Let me back up – I am a professor at the U.S. Coast Guard Academy, a place where the students are extremely focused, respectful, and always show up to class unless they have an excusal that was approved by the instructor. In fact, they are so respectful that if you are boring enough that they are falling asleep they stand up to stay awake because what you have to say must be important – otherwise the Coast Guard wouldn’t have told them to take the class.
I would carefully prepare each lecture coming up with relevant examples that would engage them and problems that I would work step by step on the white board so they could learn how to solve it for themselves. At the end of the semester, I barely knew their names and by the end of the 50 minutes, half the class would be standing. I was disillusioned with “teaching” to say the least. I knew there had to be a better way! I started reading the Journal of Chemical Education and what I found were some articles on POGIL and how it was more effective than traditional lecture. I decided to try teaching using POGIL…and everything changed. Most important, my students were staying awake! The epiphany that I had was that everything had been about “I” up until now. POGIL changed that to be about what the student was doing and how the student was learning.
I subsequently went to a summer workshop to learn how to implement POGIL in my classroom. It was very informative, although I am sure I came off as a skeptic. I wanted to figure out all the barriers to implementation that I would face and make sure that I didn’t hit any unforeseen roadblocks. I came back from that experience convinced—I was all in, and soon, my students found they were too! Even better than that, I was now part of a community that would support me and mentor me through my first years in becoming a skilled facilitator of student learning.
That second year was a totally different experience for me—instead of a roomful of sleepy, standing students, I now had a community of learners who relied on each other. Everyone was engaged and the students were awake in class; they were having meaningful conversations and vocalizing what they were learning. The same amount of material was covered as was in the traditional lecture classes, but noticeably, on the common assessments, the students were performing at a higher level. It was no longer all about what I did in class but instead about the students’ learning.

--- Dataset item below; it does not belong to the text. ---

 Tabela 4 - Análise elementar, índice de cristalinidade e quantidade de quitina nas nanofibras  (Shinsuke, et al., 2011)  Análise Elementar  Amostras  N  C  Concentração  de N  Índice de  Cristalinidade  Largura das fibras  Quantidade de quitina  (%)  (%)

My preparation to facilitate that learning was just as important – I was just doing it more effectively. The best part was that you could see and sometimes hear the students constructing their knowledge in class. One of my favorite lessons each year is teaching electron transitions in the hydrogen atom and the photons of electromagnetic radiation that gets emitted when they transition down. The students reach a certain place and I hear them get stuck at the same point – it is then that I ask a simple question and every time, you can literally hear one or more people in the group say “ohhh” as their eyes get big. I simply say, “now explain that to the rest of your group,” knowing that they had constructed the knowledge and “learned” the objective for the day.

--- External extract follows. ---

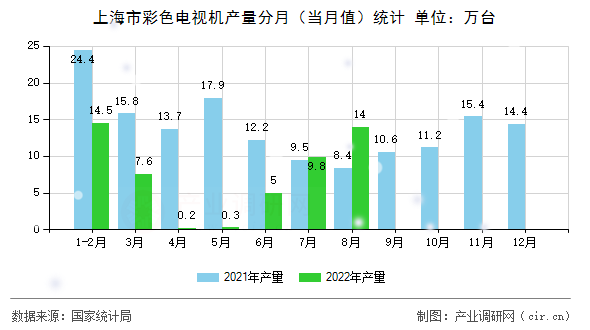 上海市彩色電視機(jī)產(chǎn)量分月（當(dāng)月值）統(tǒng)計(jì)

Fast forward a decade later and I have been using POGIL the entire time. My students are engaged and I interact with them on an authentic level. I know that I am developing the whole person in the classroom and chemistry is simply my medium for doing that. Better yet, they learn more chemistry and leave my class better prepared to be the future leaders of the U.S. Coast Guard thanks to the process skill development that takes place with POGIL. Developing these skills benefits them in carrying out the missions of the Coast Guard and serving the American people.